AlgEng - Matrix Multiplication

This C++ project is build as a part of the Algorithm Engineering course at Aarhus University. It includes different includes implementations of different alrogithms for multiplying matrices.

Algorithms

The project contains the following algorithms.

Algorithm	Description
Naive	This algorithm is simply three simple for-loops iterating through the two matrices.
Naive:x	This algorithm is equal to Naive but usees OpenMP to parallelize
Naive:T	This algorithm takes advantage of transposing B in A * B before multiplying the two to lower cache misses from $n^3$ to $\frac{n^3}{cache-line-size}$.
Naive:T:x	This algorithm is equal to Naive:T but uses OpenMP to parallelize
Obl	This algorithm uses a cache oblivious approach to lower the cache misses by keeping on recursing on smaller sub problems.
Obl:x	This algorithm uses the same recursion as Obl but stops when the problem size is below a threshold of size x where it switches to the Naive algorihm.
Obl:T:x	This algorithm combines the benefits of Naive:T and Obl:x by transposing B and recursing until some threshold x and then switching to Naive:T.
Tile:x	This algorithm uses a tile based approach where it divides A and B into tiles that fits into cache and then calculates every sub problem using Naive. This algorithm is thus a cache aware algorithm.
Tile:T:x	This algorithm uses the same algorithm as Tile:x but uses Naive:T for the sub problems.

Building

To build the project make a folder called output in the root of the project and run cmake and make to build it. Note this project depends on Intels PCM library as well as PAPI. Both are listed under dependencies.
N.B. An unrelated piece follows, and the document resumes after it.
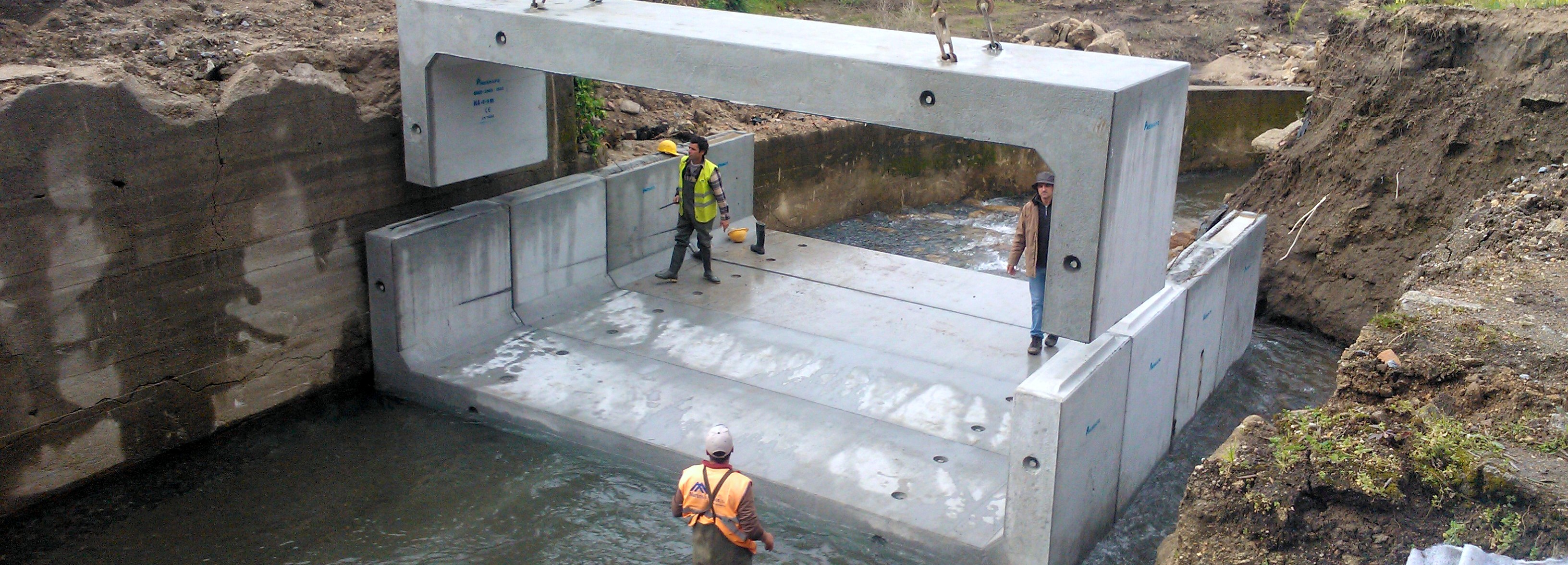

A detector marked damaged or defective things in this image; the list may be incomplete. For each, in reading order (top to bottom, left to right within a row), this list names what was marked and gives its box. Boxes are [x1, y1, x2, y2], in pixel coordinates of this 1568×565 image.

damaged bridge remains [373, 0, 1268, 561]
The build will generate four executables:

testing: Used to run unittests of all the implementations.
datagen: Used to generate data for the benchmark programs.
benchmark: Benchmarks algorithms using the PAPI library
benchmark2: Benchmarks algorithms using the PCM library

Testing

The testing executable takes no arguments and runs all tests in the test folder

> ./testing

Datagen

The datagen executable takes four arguments and generates a datafile for two matrices A of size m x n and B og size n x p filled with random numbers between -1000 and 1000.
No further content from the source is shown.